[Data for the task — start]

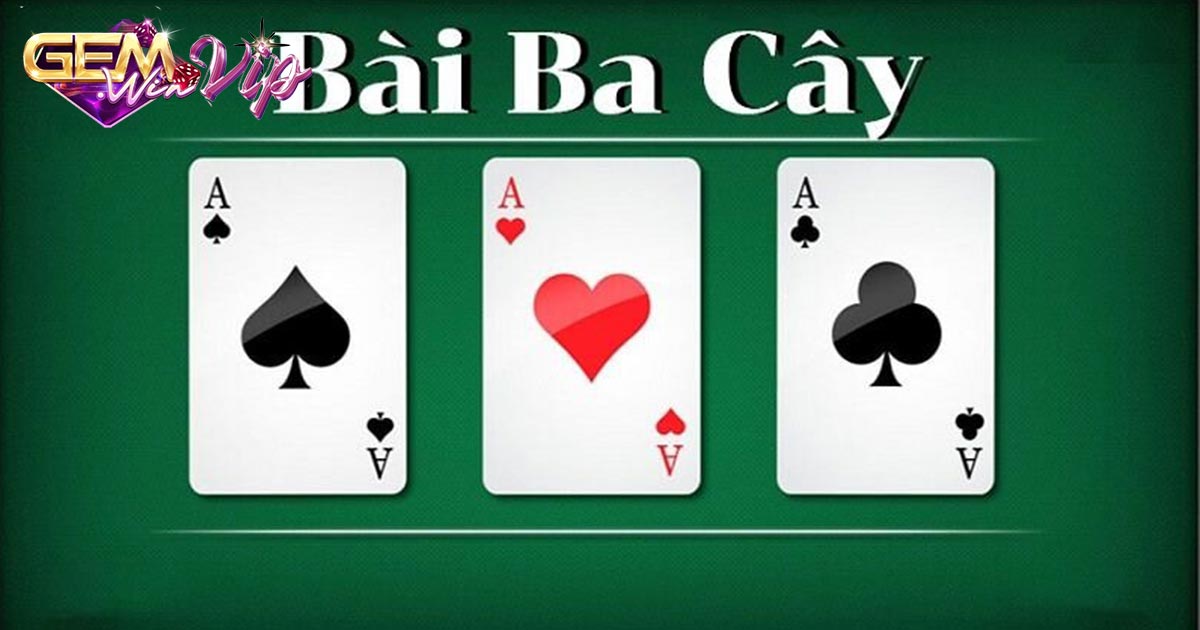 Bài 3 cây - tựa game bài được bet thủ yêu thích số 1 hiện nay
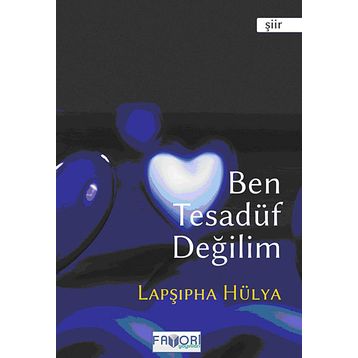 BEN TESADÜF DEĞILIM - LAPŞIPHA HÜLYA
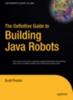 Книга The Definitive Guide To Building Java Robots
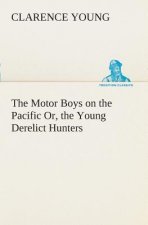 Motor Boys on the Pacific Or, the Young Derelict Hunters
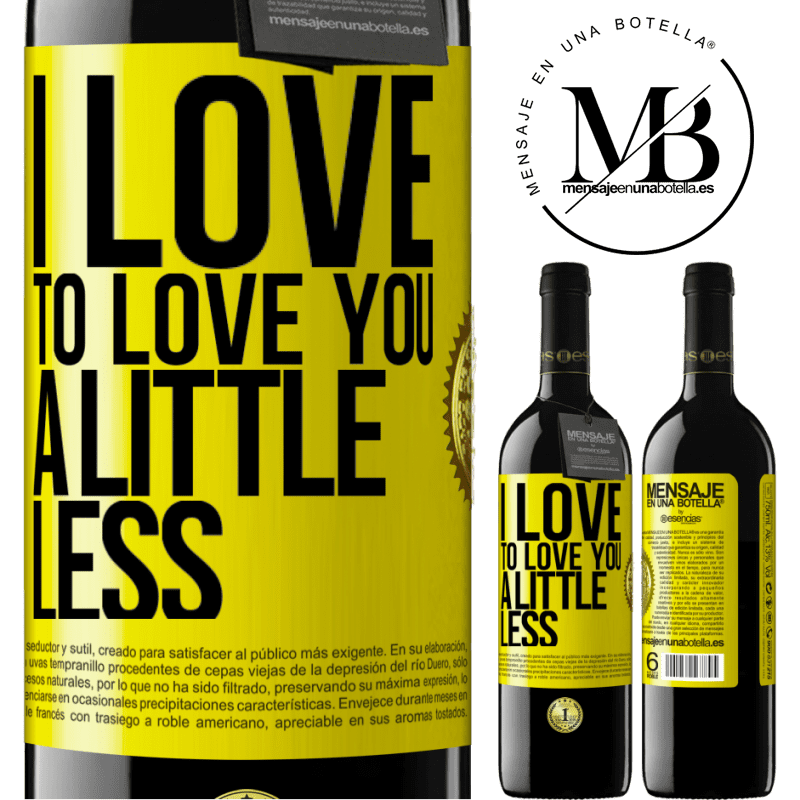 39,95 € Free Shipping | Red Wine RED Edition MBE Reserve I love to love you a little less Yellow Label. Customizable label Reserve 12 Months Harvest 2014 Tempranillo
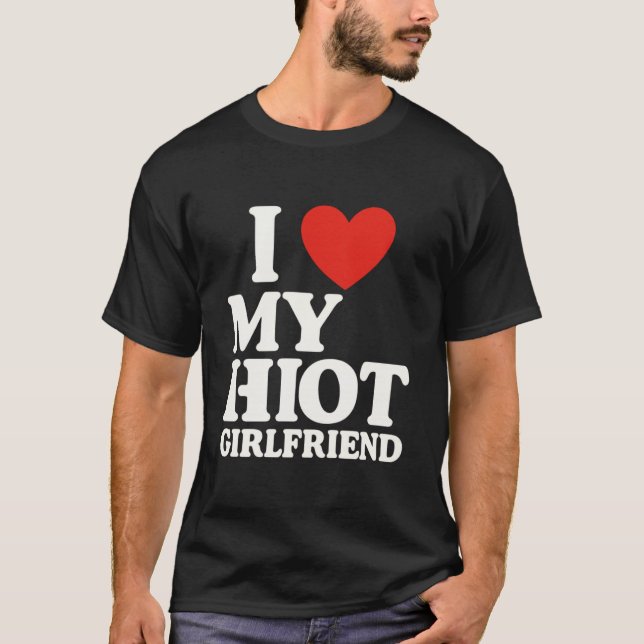 Jag älskar min heta flickvän t shirt (Framsida)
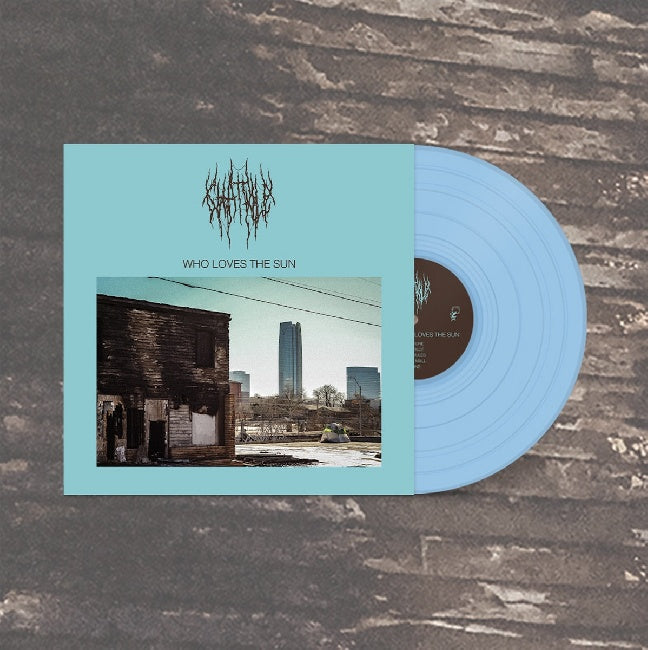 Chat Pile - Who Loves The Sun (Baby Blue Vinyl LP)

[Data for the task — finish]

> **Exercise**
Exact lines, nothing more: output the one with "BEN TESADÜF DEĞILIM - LAPŞIPHA HÜLYA" and every later line through the end of the data, skipping pictures.

> **Exercise result**
 BEN TESADÜF DEĞILIM - LAPŞIPHA HÜLYA
 Книга The Definitive Guide To Building Java Robots
 Motor Boys on the Pacific Or, the Young Derelict Hunters
 39,95 € Free Shipping | Red Wine RED Edition MBE Reserve I love to love you a little less Yellow Label. Customizable label Reserve 12 Months Harvest 2014 Tempranillo
 Jag älskar min heta flickvän t shirt (Framsida)
 Chat Pile - Who Loves The Sun (Baby Blue Vinyl LP)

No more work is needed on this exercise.